Task: Please repeat exactly the lines below from the line with "Byouai Setsuwa ~Yandere" to the line with "034 Motorsport Barra", including both, and leave out every picture.

··· Entries supplied ···

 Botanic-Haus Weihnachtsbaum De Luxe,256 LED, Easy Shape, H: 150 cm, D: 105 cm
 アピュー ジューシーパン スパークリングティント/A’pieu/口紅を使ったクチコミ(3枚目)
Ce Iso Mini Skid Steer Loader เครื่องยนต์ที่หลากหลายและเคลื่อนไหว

···
··· Entries supplied ···

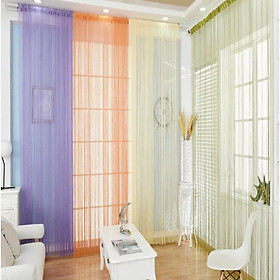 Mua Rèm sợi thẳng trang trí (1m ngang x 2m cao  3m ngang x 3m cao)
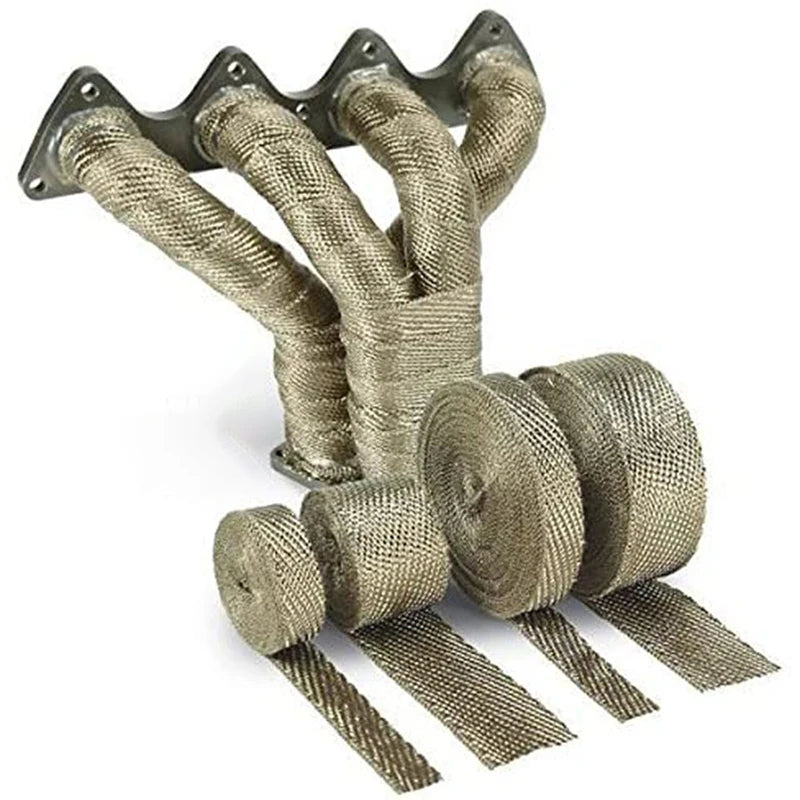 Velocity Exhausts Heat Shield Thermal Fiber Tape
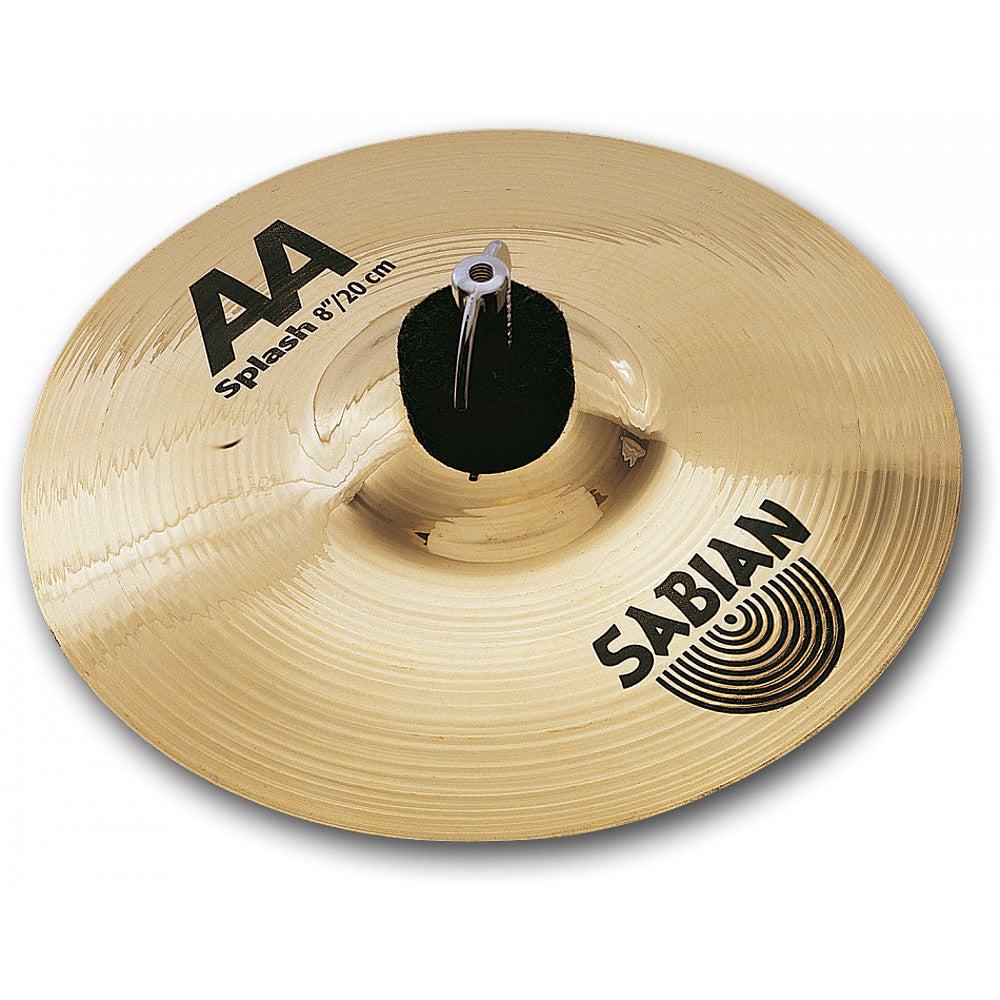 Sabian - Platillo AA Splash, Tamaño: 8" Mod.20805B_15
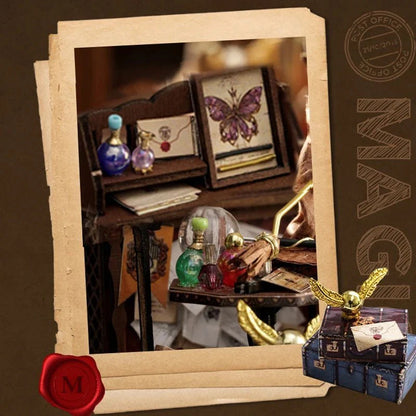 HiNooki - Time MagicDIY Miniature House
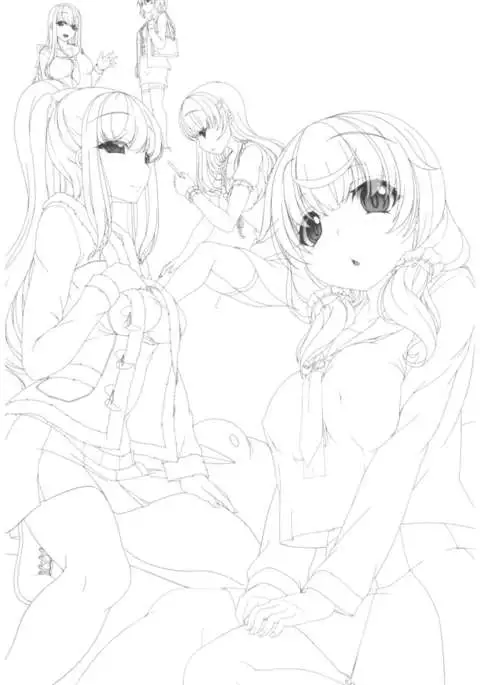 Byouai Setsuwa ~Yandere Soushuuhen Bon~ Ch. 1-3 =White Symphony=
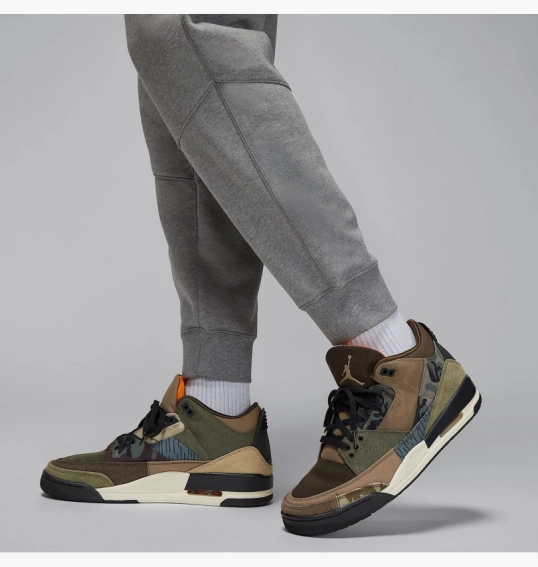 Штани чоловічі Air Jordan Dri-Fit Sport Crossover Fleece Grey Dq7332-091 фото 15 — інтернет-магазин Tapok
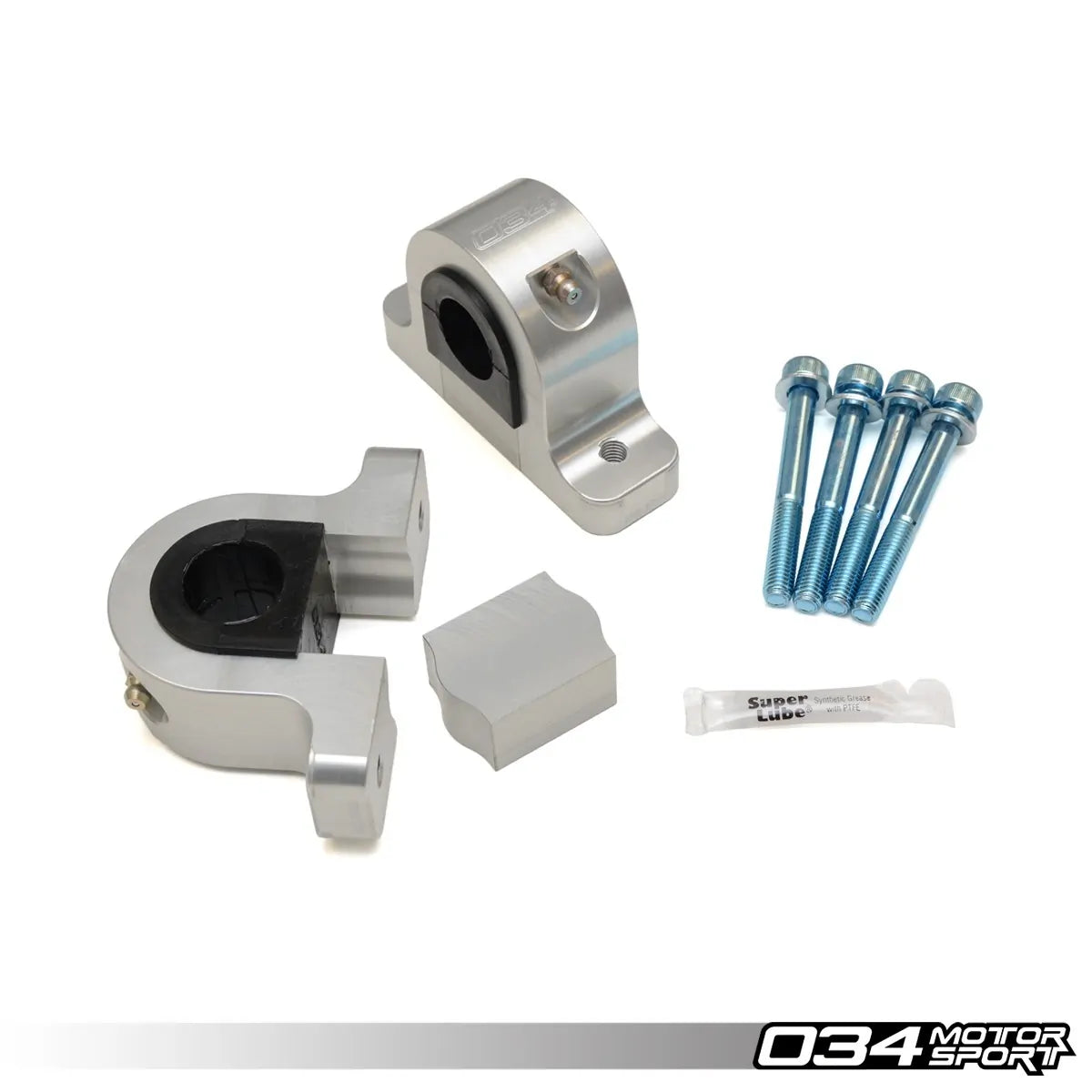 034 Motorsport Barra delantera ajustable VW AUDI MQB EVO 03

···

Written reply:
 Byouai Setsuwa ~Yandere Soushuuhen Bon~ Ch. 1-3 =White Symphony=
 Штани чоловічі Air Jordan Dri-Fit Sport Crossover Fleece Grey Dq7332-091 фото 15 — інтернет-магазин Tapok
 034 Motorsport Barra delantera ajustable VW AUDI MQB EVO 03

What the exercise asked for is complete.